On a appelé Hauts-Barons, ceux qui tenoient une des quatre notables Baronnies de France, qui sont Coucy, Craon, Sully & Beaujeu. Les Hauts-Barons de France tenoient les terres en la même franchise que font présentement les leurs les Princes de l’Empire. Ils avoient droit de battre monnoie ; & dans les premiers temps c’étoit toujours un Haut-Baron qui présidoit au Parlement. Le Gendre. Mais il n’entend pas par Hauts-Barons seulement les quatre qu’on vient de nommer, mais les Ducs, les Comtes, & même quelques Vicomtes privilégiés.

Du Chesne dit que les Seigneurs de Montmorenci ont été appelés les premiers Barons de France.

Baron, se disoit autrefois des grands du Royaume de France.

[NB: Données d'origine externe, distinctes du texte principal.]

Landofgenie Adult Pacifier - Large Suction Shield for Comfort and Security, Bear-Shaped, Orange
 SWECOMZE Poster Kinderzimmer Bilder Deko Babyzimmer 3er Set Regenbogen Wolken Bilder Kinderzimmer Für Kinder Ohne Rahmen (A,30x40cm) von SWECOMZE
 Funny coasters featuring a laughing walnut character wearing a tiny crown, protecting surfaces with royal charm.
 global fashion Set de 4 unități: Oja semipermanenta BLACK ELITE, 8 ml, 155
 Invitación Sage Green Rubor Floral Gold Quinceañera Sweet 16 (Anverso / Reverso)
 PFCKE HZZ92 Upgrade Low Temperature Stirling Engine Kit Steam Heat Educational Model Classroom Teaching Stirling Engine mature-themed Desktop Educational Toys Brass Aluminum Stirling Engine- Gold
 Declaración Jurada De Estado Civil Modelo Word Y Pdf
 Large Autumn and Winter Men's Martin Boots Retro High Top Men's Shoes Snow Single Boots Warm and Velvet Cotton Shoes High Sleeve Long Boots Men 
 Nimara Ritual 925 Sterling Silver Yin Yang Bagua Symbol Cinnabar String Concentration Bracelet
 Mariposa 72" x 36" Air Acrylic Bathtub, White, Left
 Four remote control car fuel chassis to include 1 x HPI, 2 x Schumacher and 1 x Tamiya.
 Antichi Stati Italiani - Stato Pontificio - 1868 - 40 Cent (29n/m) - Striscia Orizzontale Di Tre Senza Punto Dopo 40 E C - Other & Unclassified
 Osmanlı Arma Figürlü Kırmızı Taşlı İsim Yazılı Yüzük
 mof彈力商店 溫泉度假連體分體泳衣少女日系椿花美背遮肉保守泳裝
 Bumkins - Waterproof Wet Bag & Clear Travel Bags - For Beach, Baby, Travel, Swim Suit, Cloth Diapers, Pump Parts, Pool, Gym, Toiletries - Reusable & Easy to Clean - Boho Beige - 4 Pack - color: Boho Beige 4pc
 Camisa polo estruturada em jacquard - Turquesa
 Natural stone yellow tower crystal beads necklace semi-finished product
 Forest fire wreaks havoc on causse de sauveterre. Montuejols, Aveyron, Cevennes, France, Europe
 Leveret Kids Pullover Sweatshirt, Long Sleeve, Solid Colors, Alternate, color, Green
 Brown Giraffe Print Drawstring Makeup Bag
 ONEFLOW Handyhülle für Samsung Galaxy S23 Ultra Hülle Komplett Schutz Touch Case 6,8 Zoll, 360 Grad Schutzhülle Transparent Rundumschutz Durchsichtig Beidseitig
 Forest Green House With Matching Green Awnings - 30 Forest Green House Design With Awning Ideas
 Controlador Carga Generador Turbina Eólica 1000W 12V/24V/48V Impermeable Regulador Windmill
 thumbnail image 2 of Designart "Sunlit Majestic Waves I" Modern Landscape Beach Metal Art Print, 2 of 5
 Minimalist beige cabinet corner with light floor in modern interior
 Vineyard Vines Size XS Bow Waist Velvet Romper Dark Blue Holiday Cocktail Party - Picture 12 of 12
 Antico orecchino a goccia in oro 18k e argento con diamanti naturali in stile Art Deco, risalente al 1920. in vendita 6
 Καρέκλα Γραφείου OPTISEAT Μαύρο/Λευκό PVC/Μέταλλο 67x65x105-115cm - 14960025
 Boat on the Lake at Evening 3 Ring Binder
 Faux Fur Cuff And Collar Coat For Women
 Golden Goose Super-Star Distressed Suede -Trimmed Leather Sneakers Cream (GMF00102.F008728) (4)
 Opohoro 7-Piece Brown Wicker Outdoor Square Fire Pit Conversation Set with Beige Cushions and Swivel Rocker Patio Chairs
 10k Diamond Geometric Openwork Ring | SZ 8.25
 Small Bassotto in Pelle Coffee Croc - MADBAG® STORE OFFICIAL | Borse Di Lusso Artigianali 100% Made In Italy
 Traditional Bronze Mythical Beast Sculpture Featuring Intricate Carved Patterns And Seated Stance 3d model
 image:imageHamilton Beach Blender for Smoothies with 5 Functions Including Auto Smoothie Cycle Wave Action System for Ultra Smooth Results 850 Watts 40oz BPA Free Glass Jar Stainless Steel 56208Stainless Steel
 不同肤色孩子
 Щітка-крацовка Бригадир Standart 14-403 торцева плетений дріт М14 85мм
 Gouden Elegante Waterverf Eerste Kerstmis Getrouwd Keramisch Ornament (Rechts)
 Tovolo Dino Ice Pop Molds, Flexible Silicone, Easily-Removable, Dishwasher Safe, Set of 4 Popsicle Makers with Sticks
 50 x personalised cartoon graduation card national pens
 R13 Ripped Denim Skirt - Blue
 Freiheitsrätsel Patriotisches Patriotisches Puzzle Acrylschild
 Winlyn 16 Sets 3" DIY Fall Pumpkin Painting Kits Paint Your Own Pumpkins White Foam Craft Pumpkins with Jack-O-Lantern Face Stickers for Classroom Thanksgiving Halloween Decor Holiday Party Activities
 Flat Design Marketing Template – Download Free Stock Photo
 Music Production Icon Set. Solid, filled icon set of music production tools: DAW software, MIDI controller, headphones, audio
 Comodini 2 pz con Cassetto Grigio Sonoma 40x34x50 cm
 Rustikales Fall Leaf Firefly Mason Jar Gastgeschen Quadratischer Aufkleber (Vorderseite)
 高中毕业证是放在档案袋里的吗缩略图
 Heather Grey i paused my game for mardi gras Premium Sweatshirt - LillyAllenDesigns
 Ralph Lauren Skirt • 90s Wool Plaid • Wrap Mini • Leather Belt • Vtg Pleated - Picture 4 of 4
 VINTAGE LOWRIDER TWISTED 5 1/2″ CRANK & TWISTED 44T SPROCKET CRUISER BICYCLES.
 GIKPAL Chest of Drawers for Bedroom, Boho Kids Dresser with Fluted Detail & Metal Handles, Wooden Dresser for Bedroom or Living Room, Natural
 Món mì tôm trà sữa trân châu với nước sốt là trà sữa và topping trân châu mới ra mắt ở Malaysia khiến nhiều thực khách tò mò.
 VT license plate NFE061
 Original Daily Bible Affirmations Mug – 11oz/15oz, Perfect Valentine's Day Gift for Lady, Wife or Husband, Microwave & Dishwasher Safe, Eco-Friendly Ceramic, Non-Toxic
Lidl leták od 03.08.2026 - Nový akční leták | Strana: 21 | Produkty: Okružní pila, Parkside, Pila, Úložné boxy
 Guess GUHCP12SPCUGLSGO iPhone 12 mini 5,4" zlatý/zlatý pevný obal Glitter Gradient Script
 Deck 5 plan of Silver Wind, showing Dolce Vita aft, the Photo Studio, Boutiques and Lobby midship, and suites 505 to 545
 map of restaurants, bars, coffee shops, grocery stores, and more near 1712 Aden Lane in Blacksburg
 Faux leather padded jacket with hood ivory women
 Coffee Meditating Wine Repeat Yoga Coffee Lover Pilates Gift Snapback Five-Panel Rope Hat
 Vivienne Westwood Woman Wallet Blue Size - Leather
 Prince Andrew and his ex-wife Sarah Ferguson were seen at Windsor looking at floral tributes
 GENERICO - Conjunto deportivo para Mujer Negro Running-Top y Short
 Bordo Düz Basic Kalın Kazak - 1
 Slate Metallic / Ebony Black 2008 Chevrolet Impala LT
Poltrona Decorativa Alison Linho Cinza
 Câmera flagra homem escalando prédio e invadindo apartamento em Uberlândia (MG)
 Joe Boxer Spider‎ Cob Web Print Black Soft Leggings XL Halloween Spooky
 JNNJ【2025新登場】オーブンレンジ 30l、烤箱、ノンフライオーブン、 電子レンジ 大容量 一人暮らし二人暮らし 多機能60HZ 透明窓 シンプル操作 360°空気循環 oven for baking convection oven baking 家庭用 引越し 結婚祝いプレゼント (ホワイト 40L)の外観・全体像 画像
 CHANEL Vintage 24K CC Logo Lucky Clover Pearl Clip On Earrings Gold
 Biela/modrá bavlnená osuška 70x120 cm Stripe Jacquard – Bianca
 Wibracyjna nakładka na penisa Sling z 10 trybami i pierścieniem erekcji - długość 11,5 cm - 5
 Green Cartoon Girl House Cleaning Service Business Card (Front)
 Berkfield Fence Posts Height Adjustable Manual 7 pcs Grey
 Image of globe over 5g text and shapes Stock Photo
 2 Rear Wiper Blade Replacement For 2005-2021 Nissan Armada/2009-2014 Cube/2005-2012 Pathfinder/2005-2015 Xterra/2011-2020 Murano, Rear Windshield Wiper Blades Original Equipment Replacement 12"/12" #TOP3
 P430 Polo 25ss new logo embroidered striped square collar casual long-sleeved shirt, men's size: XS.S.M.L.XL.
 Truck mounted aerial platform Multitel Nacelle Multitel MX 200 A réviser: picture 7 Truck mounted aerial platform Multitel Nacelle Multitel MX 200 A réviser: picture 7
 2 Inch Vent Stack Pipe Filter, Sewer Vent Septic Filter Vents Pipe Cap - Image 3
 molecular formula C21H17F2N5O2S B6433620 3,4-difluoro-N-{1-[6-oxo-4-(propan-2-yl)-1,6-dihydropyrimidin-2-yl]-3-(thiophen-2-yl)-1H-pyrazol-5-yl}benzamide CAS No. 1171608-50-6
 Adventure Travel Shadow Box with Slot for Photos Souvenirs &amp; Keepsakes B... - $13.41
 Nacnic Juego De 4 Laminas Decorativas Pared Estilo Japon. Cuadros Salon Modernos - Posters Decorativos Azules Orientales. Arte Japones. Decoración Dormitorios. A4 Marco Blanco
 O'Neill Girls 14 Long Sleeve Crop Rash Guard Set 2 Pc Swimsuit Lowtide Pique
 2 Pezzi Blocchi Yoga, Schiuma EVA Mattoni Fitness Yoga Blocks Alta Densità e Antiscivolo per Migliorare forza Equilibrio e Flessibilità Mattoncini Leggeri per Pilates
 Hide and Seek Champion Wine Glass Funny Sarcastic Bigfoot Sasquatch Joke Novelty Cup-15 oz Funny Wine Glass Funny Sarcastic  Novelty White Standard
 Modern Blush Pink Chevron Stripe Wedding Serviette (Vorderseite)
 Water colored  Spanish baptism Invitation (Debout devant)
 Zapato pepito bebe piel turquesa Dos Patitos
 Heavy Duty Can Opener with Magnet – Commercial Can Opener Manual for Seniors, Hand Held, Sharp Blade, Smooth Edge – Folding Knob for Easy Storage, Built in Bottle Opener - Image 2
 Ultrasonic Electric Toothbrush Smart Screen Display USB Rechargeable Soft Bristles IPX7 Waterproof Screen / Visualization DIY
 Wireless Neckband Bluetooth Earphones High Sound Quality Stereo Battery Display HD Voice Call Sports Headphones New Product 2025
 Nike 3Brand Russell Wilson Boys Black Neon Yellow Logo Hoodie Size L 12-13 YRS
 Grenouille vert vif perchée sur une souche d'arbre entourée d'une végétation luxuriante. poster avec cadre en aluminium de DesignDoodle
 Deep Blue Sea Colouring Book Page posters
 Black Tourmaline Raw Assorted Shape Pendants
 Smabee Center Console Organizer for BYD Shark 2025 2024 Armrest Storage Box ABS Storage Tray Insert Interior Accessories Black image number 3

Quand le Roi tenoit les Etats, ou des Conseils d’importance, il assembloit ses Barons, qui ont changé souvent de degrés & de qualités, selon le temps & les lieux. Il falloit autrefois pour être Baron, avoir sous soi trois ou quatre Châtellenies, & trois Maladreries. La Coutume de Tours dit en l’article 71, avant qu’aucun se puisse dire Seigneur Baron, il convient qu’il ait sous lui plusieurs Châtellenies, ou deux pour le moins. Henri III, par son Ordonnance de 1579, veut que la Baronnie soit composée de trois Châtellenies pour le moins, qui seront unies & incorporées ensemble, pour être tenues à un seul hommage du Roi. On disoit autrefois par manière de proverbe, nul ne doit seoir à la table du Baron, s’il n’est Chevalier. Cela fait connoître combien les Barons étoient distingués. Voyez de S. Julien, Antiq. des Bourguign. ch. 34, & la Somme rurale de Boutillier.

On appelle communément en Espagne Baron, un homme illustre, mâle, ou vigoureux ; & quelquefois c’est un nom qu’on donne à un mari.